Truth opens the door to grace.
Truth opens the door to blessing. Even if we cringe to hear it.
-Br. Mark Brown
Of all the illnesses that affected the faith communities in my care, over 33 years of parish work, cancer was the most prevalent. Cancer research is the largest area of medical investigation. Much progress has been made over the past 25 years, but the rate and tenacity of cancer, in general, continues to dominate our society's medical energy.
This blog is not about the medical disease called cancer. Cancer, however, is the model that has been used in other areas of behavioral, sociological and spiritual wellness. I have said this before (numerous times, I think) that compartmental thinking is, in itself, a type of dysfunction. To divide ourselves into smaller, systemic groups leads to the inevitability of our becoming unbalanced. Such unbalance has rather far-reaching implications for our ability to attain the full measure of Self (as a total being) that we were created to experience and express.

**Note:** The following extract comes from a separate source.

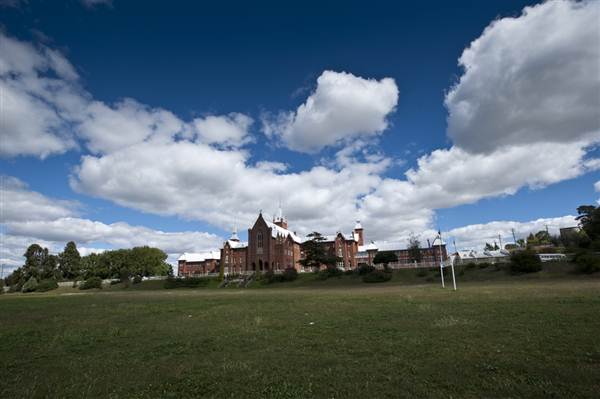 St Stanislaus College (9/03/2013 11:00:55 AM)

This sounds like a mouthful of malarky. Perhaps, 40 years ago, I was in that place of thinking such. Science and religion were definitely two entirely separate entities, in my youthful, internal reality. What I thought, how I felt, and what I did were three very separated functions. At a particular point, around 1987, I came face-to-face with Reality in a way that I did not expect, and for which I was not prepared. I cannot rehearse that story. It did lead to a journey...one that continues. It has morphed, as all authentic journeys do, but the process that the behavioral, sociological and theological disciplines call "integration" continues.
I sit on my lanai* this morning Tuesday, 9/24) and watch a progression of thunder storms roll in from over the Gulf of Mexico. The rate of movement is inconsistent enough that clouds roll under one another as they move ashore. This is not an isolated (compartmental) event. A "cold" front is draped over Florida...having moved southwest from its origins in Canada. Late last week, rain and storms affected long stretches of the central and eastern states. With the Gulf providing a constant source of water, the unstable atmosphere ahead of this front has a great well-spring for generating storms that move from southwest to northeast along the front.
Watching this weather put me in mind of "systemic continuity," which is my term for the realization that all these storms didn't just arrive here for no reason. We are simply the current locus of experience of a system that emerged in another part of the world and has morphed in its movement to be what it is for us in this moment.
It is a hard thing to wrap our heads around, but try: Nothing, absolutely nothing, happens simply as an isolated event. A point of origin, with a shift of some kind, creates a reality. That reality has an affect on all reality around it...and beyond. It's something like: "a butterfly flaps its wings on one side of the earth, and a breeze is experienced on the other side."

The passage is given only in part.